* [Required work] Print the data below exactly, but only the lines from the one containing "A gray tiled" down to the one containing "A individual wearing a suit and red bowtie.", inclusive.

* [Dataset records]

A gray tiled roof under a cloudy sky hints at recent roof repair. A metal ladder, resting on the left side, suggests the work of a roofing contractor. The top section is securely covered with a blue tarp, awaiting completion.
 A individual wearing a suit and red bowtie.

...

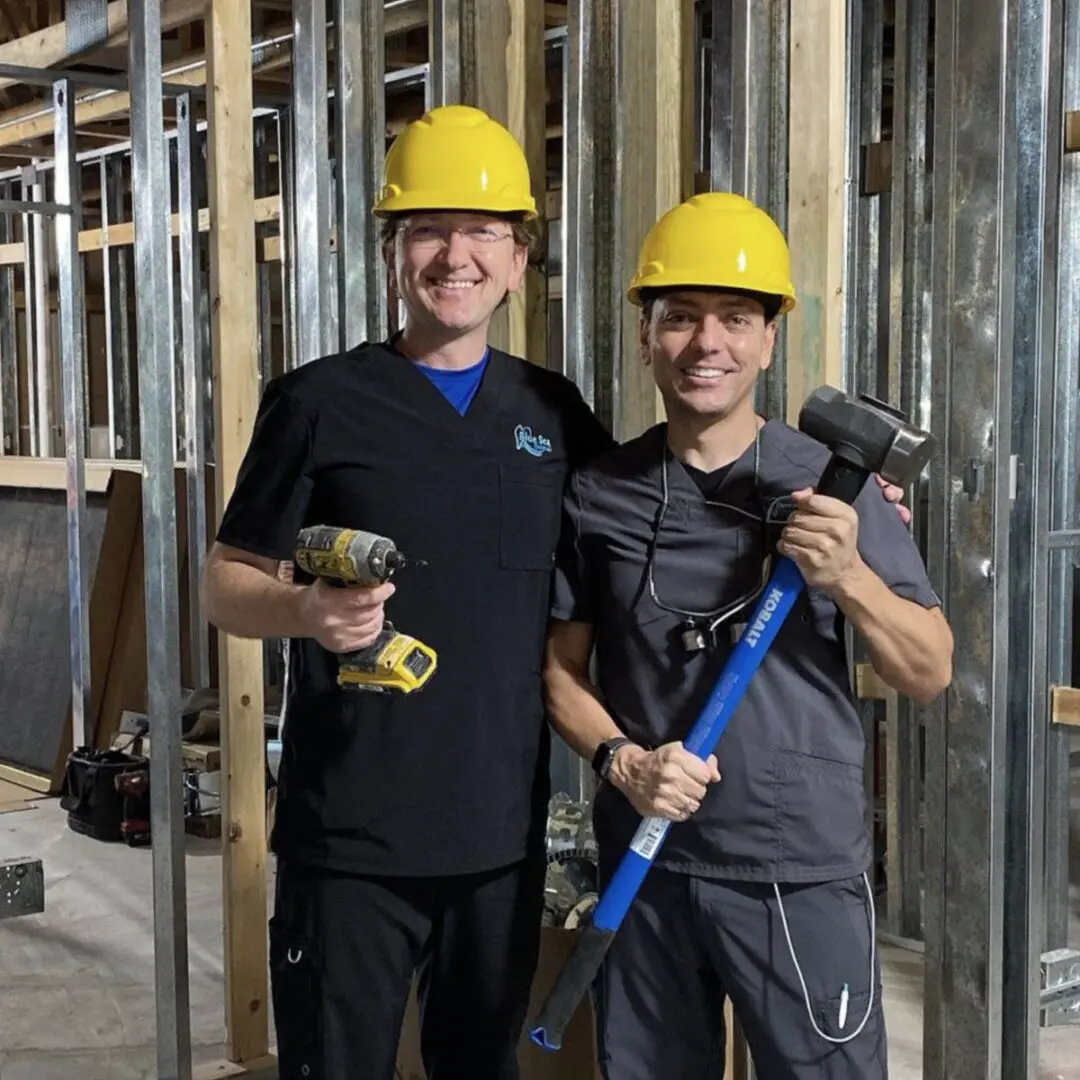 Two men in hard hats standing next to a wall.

* [Output]
A gray tiled roof under a cloudy sky hints at recent roof repair. A metal ladder, resting on the left side, suggests the work of a roofing contractor. The top section is securely covered with a blue tarp, awaiting completion.
 A individual wearing a suit and red bowtie.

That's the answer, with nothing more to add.